Very few pieces of narrative content have made money due to limited distribution, says Jeffrey Travis, CEO of VR technology and theater firm Positron. “A lot of times, VR narrative content just won’t be discovered by the public, because they don’t know where to find it.” Travis claims that the fact that headphone manufacturers are focusing on games has meant a “lack of interest in promoting film content.”
Both VeeR’s Chen and Positron’s Travis say that right now, the big opportunity for content creators lies in monetization through location-based entertainment (LBE) VR, especially now that many theaters around the world are ‘open again amid a successful vaccination against the Covid-19 exits.
Chen says VeeR is investing in the construction of its ZeroSpace brand VR movie chain in China, where it now has 30 outlets. She says cinemas attract a wide audience eager to experience virtual reality narratives, not just the types of male games that have been the first adopters of headphones. For example, Chen reports that 55% of LBE VR audiences are women, compared to 45% men. She believes it will take a few more years for virtual reality headsets to become conventional. Meanwhile, Chen says, “location-based VR cinema is a faster way to get VR content into the mainstream.”

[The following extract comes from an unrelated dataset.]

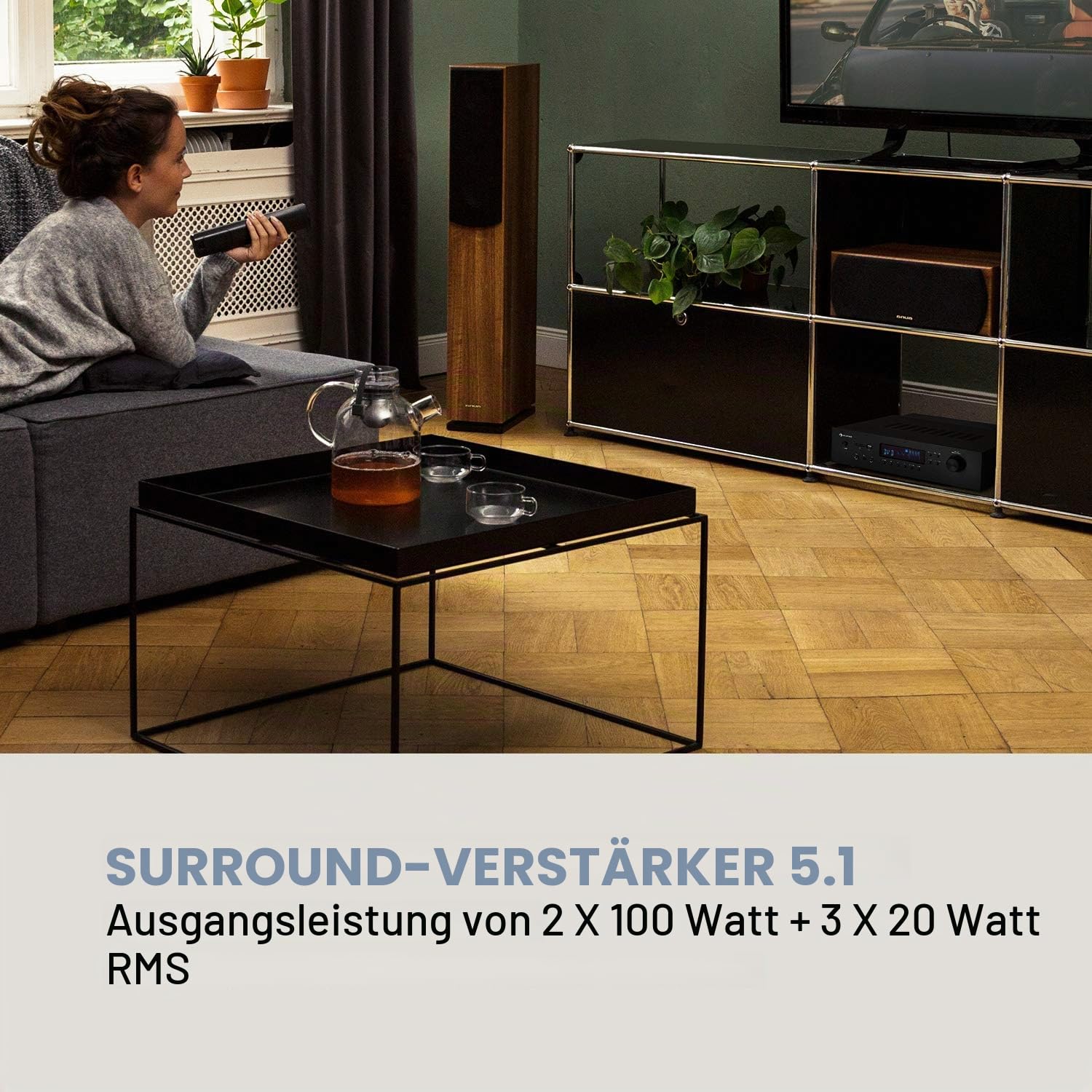 AUNA AMP-H260 5.1 Equalizer-Empfänger, 2 x 100 W + 3 x 20 W RMS, Bluetooth-Funktion, USB-Port, SD-Player, Opt. & Koaxial; Digital-In, 2 x HDMI-In / 1 x HDMI-Out - schwarz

Similarly, Travis says Positron sees a growing demand for its theatrical services. The company equips virtual reality theaters with its full-motion Voyager VR chair platform and supports licensed software and content. This year it supplies five new VR cinemas in locations such as Melbourne, Houston and Yosemite National Park. Travis says, “When you look at the projections of XR’s narrative content, it’s clear that in the short to medium term, the financial return is much greater in location-based entertainment than at home.”